Lieutenant Tony Ainslie recalled his party being trapped in a house, with Germans outside calling on them to surrender.

“Some of my group had already been hit, so I yelled back in German, ‘Don’t shoot. There are wounded here.’ And we walked across the street into captivity,” he said. “The first person in authority we saw was an NCO. He was slightly cross-eyed, his tunic was open, and he was wearing a blue-and-white striped civilian shirt underneath. He said, ‘Good evening. That was a lovely battle, a really lovely battle. Have a cigar. We are human too.’ So, after doing what we could for the wounded, we all sat down, smoking foot-long cigars, and had a matey chat about the events of the past few days.”

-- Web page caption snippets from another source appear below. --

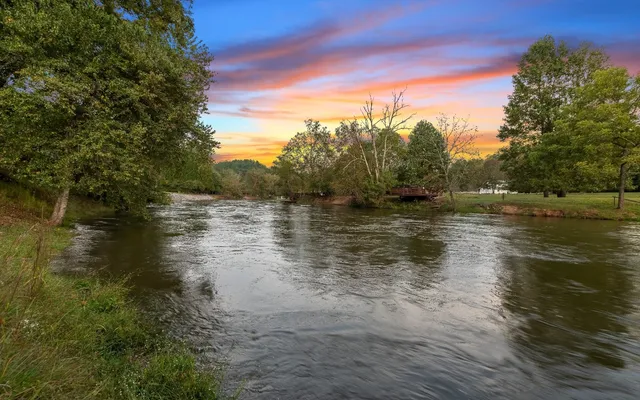 $2,834,360 | 547 Toccoa River Lane, Mineral Bluff, GA 30559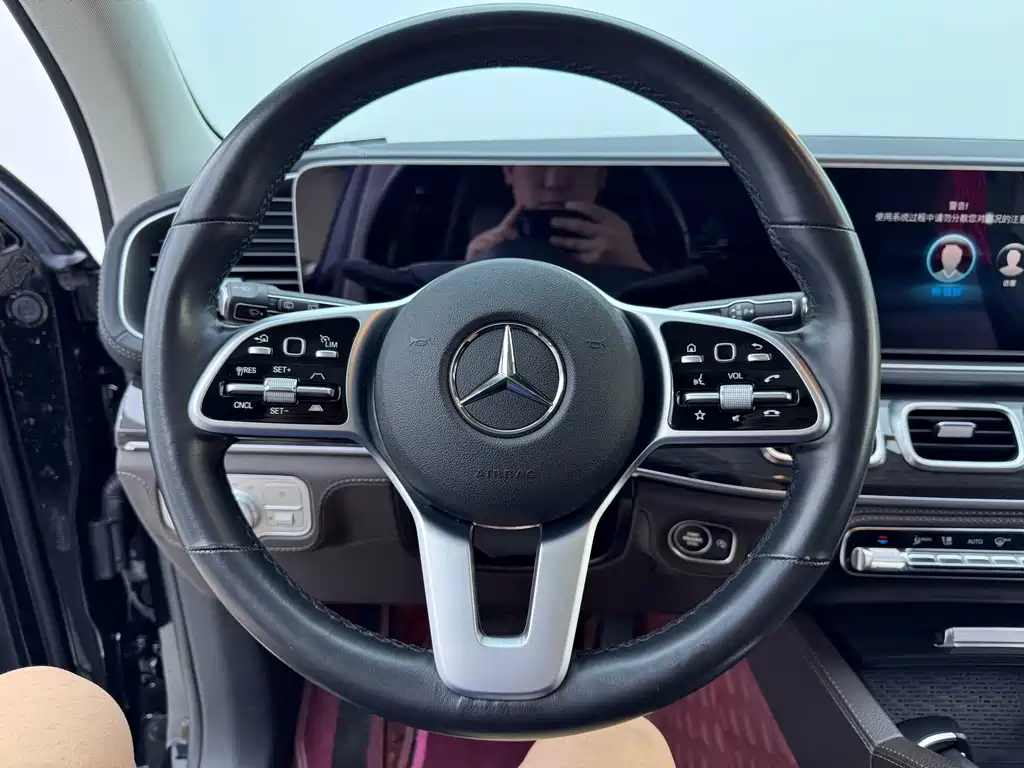 Mercedes-Benz GLS — миниатюра 12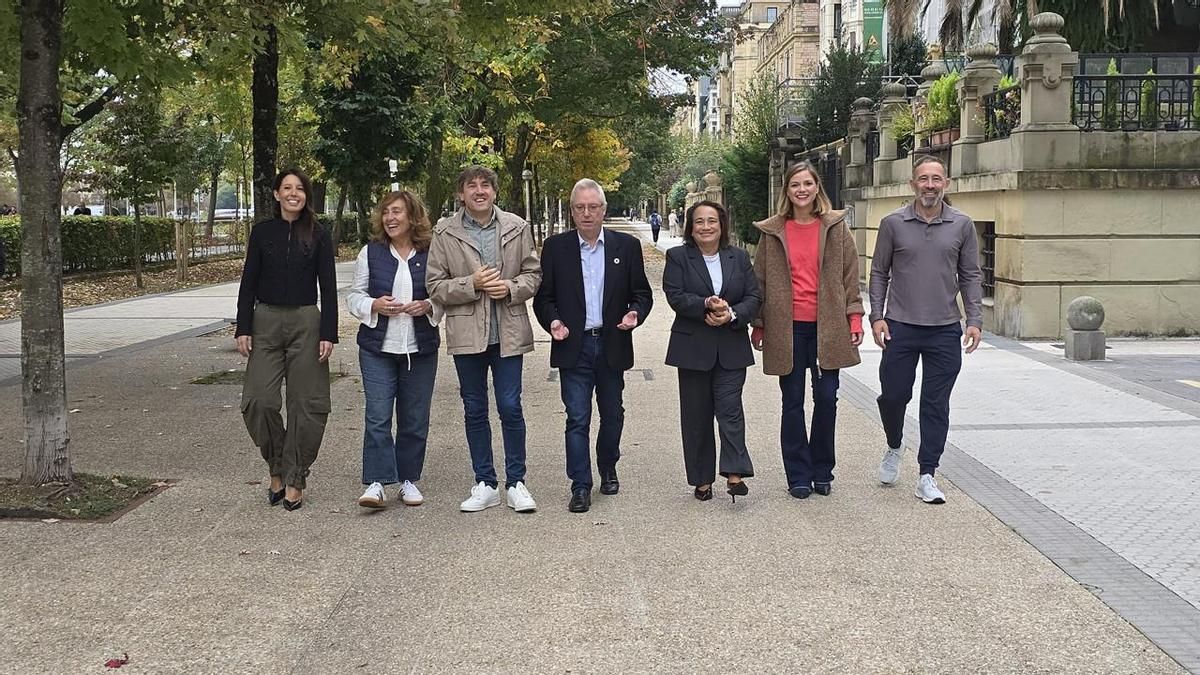 PSE-EE, PNV y EH Bildu lanzan la precampaña de las generales con actos políticos en Donostia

They might have had a lot to talk about. The British paratroopers standing at Arnhem bridge had fought to the limits of their resistance. Of the men who started the fight, an estimated 10 officers and 71 men were killed or would die of their wounds—11 percent of the defenders. The use of the bridge had been denied to the Germans for three critical days, and a large portion of the 10th SS Panzer Division had been tied down and suffered heavy casualties. The 1st Brigade’s sacrifice enabled both the rest of 1st Airborne Division to hang on in its Oosterbeek perimeter and the 82nd Airborne to take the Nijmegen bridge, allowing the British to finally hook up with the 1st Airborne Division and evacuate the survivors.

Britain’s Alamo

In the end, it was a defeat for the British, but it was one of the valiant stands that they loved so well—an outnumbered and outgunned force hanging on against overwhelming odds, refusing to surrender. The 2nd Parachute Battalion and its cohorts never actually surrendered as an organized body. Its men were winkled out of their buildings in small groups, still defiant. It was very much Britain’s Alamo.

John Frost was also down in a cellar when the Germans overran his area. “Both sides labored together to get the wounded out and I saw the Germans were driving off in our jeeps full of bandaged men,” Frost recalled. “The SS men were very polite, but the bitterness I felt was unassuaged. No living enemy had beaten us. The battalion was unbeaten yet, but they could not have much chance with no ammunition, no rest, and with no positions from which to fight. No body of men could have fought more courageously and tenaciously than the officers and men of the 1st Parachute Brigade at Arnhem bridge.”